APELAÇÃO CÍVEL E AGRAVO RETIDO. AÇÃO DE COBRANÇA DE SEGURO DE VIDA EM GRUPO. ACIDENTE DE TRÂNSITO. SENTENÇA DE IMPROCEDÊNCIA, COM FUNDAMENTO NA INEXISTÊNCIA DE INVALIDEZ PERMANENTE. AGRAVO RETIDO DO APELANTE. TESES ABSORVIDAS PELO OBJETO DA INSURGÊNCIA DA APELAÇÃO. ANÁLISE CONJUNTA COM O RECLAMO. APELO DA PARTE AUTORA. ALEGAÇÃO DE CERCEAMENTO DE DEFESA AFASTADA. NEGATIVA IMOTIVADA DO PRÓPRIO SEGURADO À REALIZAÇÃO DA PROVA PERICIAL QUE IMPLICA EM DESISTÊNCIA TÁCITA. IMPEDIMENTO E SUSPEIÇÃO DO EXPERT. NÃO DEDUÇÃO A TEMPO E MODO ADEQUADOS. PERÍCIA QUE SERIA REALIZADA POR PERITO NOMEADO JUDICIALMENTE. DISCORDÂNCIA DA REALIZAÇÃO DO EXAME PERICIAL EM MEIO AO PROGRAMA DE MUTIRÃO PARA AGILIZAÇÃO DE TAIS PROCEDIMENTOS. AUSÊNCIA DE VÍCIO CONCRETO OU DE PREJUÍZO DEMONSTRADOS QUE DERIVASSEM DESSA PRÁTICA. DESNECESSIDADE DE RENOVAÇÃO DA OPORTUNIDADE PARA REALIZAÇÃO DA PERÍCIA JUDICIAL. INOCORRÊNCIA DA EIVA AVENTADA. PREFACIAL REJEITADA. MÉRITO. INVALIDEZ PARCIAL/TOTAL PERMANENTE NÃO DEMONSTRADA. INEXISTÊNCIA DE PROVA DOS FATOS CONSTITUTIVOS ALEGADOS NA INICIAL. DOCUMENTOS PARTICULARES JUNTADOS NA EXORDIAL QUE NÃO TÊM O CONDÃO, DE PER SI, DE ENSEJAR A INCIDÊNCIA DA COBERTURA SECURITÁRIA INTENTADA. DECISÃO DE IMPROCEDÊNCIA ESCORREITA. PREQUESTIONAMENTO. DESNECESSIDADE. JULGADOR NÃO ADSTRITO À ANÁLISE EXAUSTIVA DOS DISPOSITIVOS APONTADOS. INTELIGÊNCIA DO ART. 93, IX, DA CF/1988. RECURSOS CONHECIDOS E DESPROVIDOS ( Apelação Cível n. XXXXX-30.2013.8.24.0018, de Chapecó, rel. Des. Carlos Roberto da Silva, j. 14-12-2016).

Nesses termos, a argumentação despendida na impugnação ao laudo pericial de fls. 220-230 revela-se inócua, pois a forma processual adequada e hábil para a discussão sobre o impedimento ou suspeição do louvado seria a exceção, conforme preceitua o art. 304 do CPC/1973.

A alegação de ausência de registro da perita na especialização de medicina do trabalho também não merece prosperar.

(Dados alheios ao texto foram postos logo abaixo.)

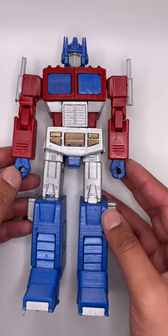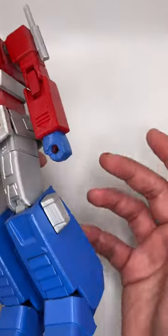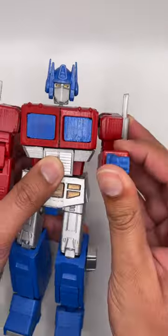This is a 3D printed Optimus Prime. It's not perfect because it's one of the first things I printed a very long time ago. This version doesn't transform, but he does have some limited posability.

De acordo com o art. 145, § 1º, do CPC/1973, é sabido que "os peritos serão escolhidos entre profissionais de nível universitário, devidamente inscritos no órgão de classe competente, respeitado o disposto no Capítulo VI, seção VII, deste Código".

Por sua vez, o § 2º do mesmo artigo ao referir "especialidade na matéria", não impõe ao julgador a nomeação de profissional com "pós-graduação" exatamente área específica da moléstia sob enfoque, até porque esta recomendação deve ser cotejada com a disciplina do parágrafo anterior que exige formação universitária, conforme acima referido.

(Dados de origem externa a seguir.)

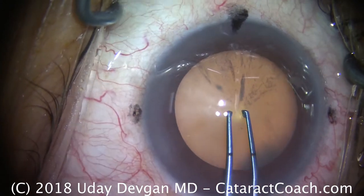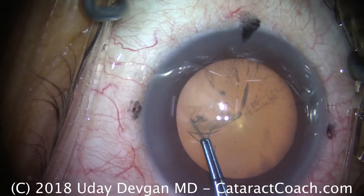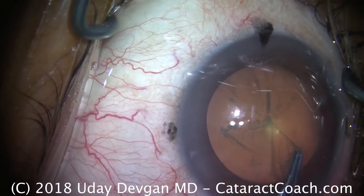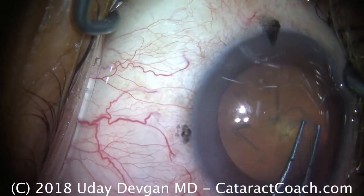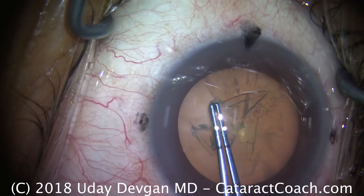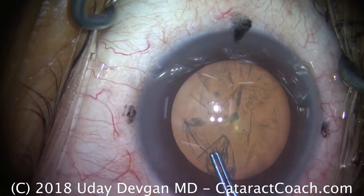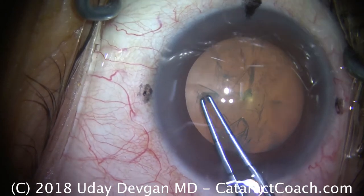Forceps are going in the eye to make our capsulorrhexis. We're creating a nice, round, continuous capsulorrhexis in the anterior lens capsule. We want to make it sufficiently large — aim for about a 5.5mm capsulorrhexis. Keep in mind that it will shrink-wrap down, so if you start off with 5.5mm it'll probably shrink-wrap down to about 5.0mm after a couple weeks of healing. There's a nice, round capsulorrhexis — that looks great.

Nesse sentido, a Corte Catarinense já decidiu:

PREVIDENCIÁRIO. AUXÍLIO-ACIDENTE. SEGURADO QUE SOFREU AMPUTAÇÃO DOS DEDOS DA MÃO. NOMEAÇÃO DE PERITO ESPECIALISTA EM 'MEDICINA LEGAL E PERÍCIAS MÉDICAS'. AGRAVO DE INSTRUMENTO INTERPOSTO PELO AUTOR VISANDO À NOMEAÇÃO DE MÉDICO ESPECIALISTA EM ORTOPEDIA. RECURSO DESPROVIDO. Por força de expressa disposição de lei, os peritos deverão comprovar 'sua especialidade na matéria sobre que deverão opinar' ( CPC, art. 145, § 2º). Porém, para aferir a perda ou redução da capacidade laborativa do segurado que sofreu lesão traumática em três dedos da mesma mão, não é imprescindível que o perito seja médico ortopedista. Ademais, o segurado poderá indicar assistente técnico ( CPC, art. 421, inc. I) e, se o juiz verificar a inconsistência do laudo pericial, poderá determinar a renovação da prova ( Agravo de Instrumento n. 2012.072564-2, de Palhoça, rel. Des. Newton Trisotto, j. 16.4.2013).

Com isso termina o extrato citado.